▶ What to do: When you reach the line with "Stop by and" in the listing below, write out that line and every one after it exactly, and skip the pictures.

▶ Data extract:
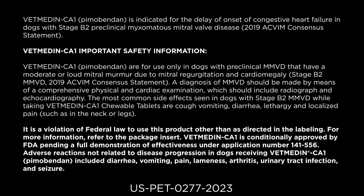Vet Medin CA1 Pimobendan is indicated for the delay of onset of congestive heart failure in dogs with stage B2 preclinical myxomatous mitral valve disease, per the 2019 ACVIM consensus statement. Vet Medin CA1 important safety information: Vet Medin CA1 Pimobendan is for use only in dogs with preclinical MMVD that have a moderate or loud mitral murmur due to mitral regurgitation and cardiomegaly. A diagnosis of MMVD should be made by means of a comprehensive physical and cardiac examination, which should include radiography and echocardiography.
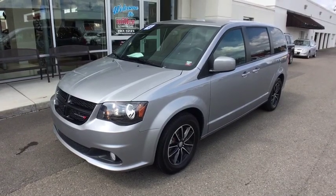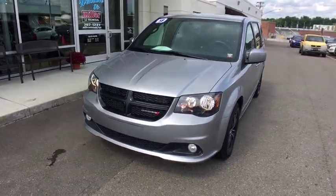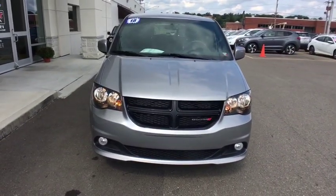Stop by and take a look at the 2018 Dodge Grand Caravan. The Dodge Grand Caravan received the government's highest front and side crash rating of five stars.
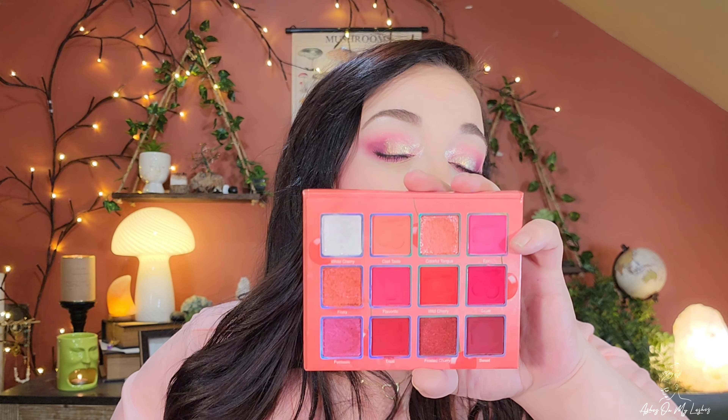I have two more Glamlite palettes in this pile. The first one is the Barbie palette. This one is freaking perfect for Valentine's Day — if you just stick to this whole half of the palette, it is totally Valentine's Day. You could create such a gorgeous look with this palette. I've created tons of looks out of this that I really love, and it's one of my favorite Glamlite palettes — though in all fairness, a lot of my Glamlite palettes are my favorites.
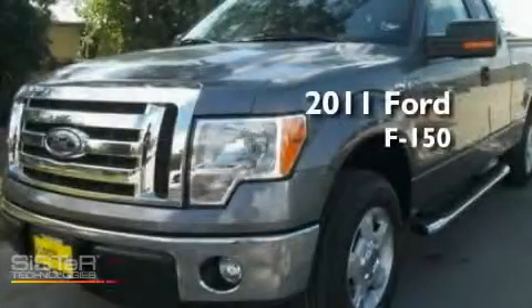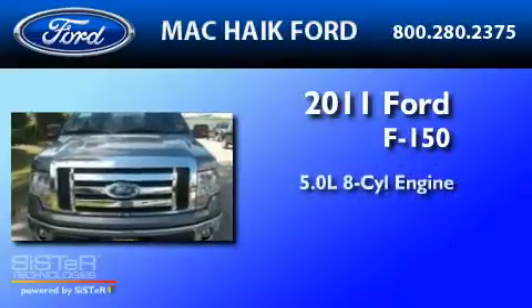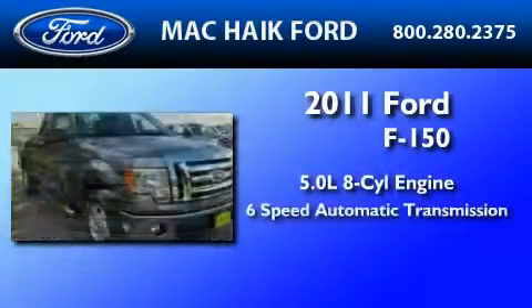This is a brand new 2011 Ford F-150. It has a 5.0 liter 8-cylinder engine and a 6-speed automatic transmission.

▶ Response for this exercise:
Stop by and take a look at the 2018 Dodge Grand Caravan. The Dodge Grand Caravan received the government's highest front and side crash rating of five stars.
I have two more Glamlite palettes in this pile. The first one is the Barbie palette. This one is freaking perfect for Valentine's Day — if you just stick to this whole half of the palette, it is totally Valentine's Day. You could create such a gorgeous look with this palette. I've created tons of looks out of this that I really love, and it's one of my favorite Glamlite palettes — though in all fairness, a lot of my Glamlite palettes are my favorites.
This is a brand new 2011 Ford F-150. It has a 5.0 liter 8-cylinder engine and a 6-speed automatic transmission.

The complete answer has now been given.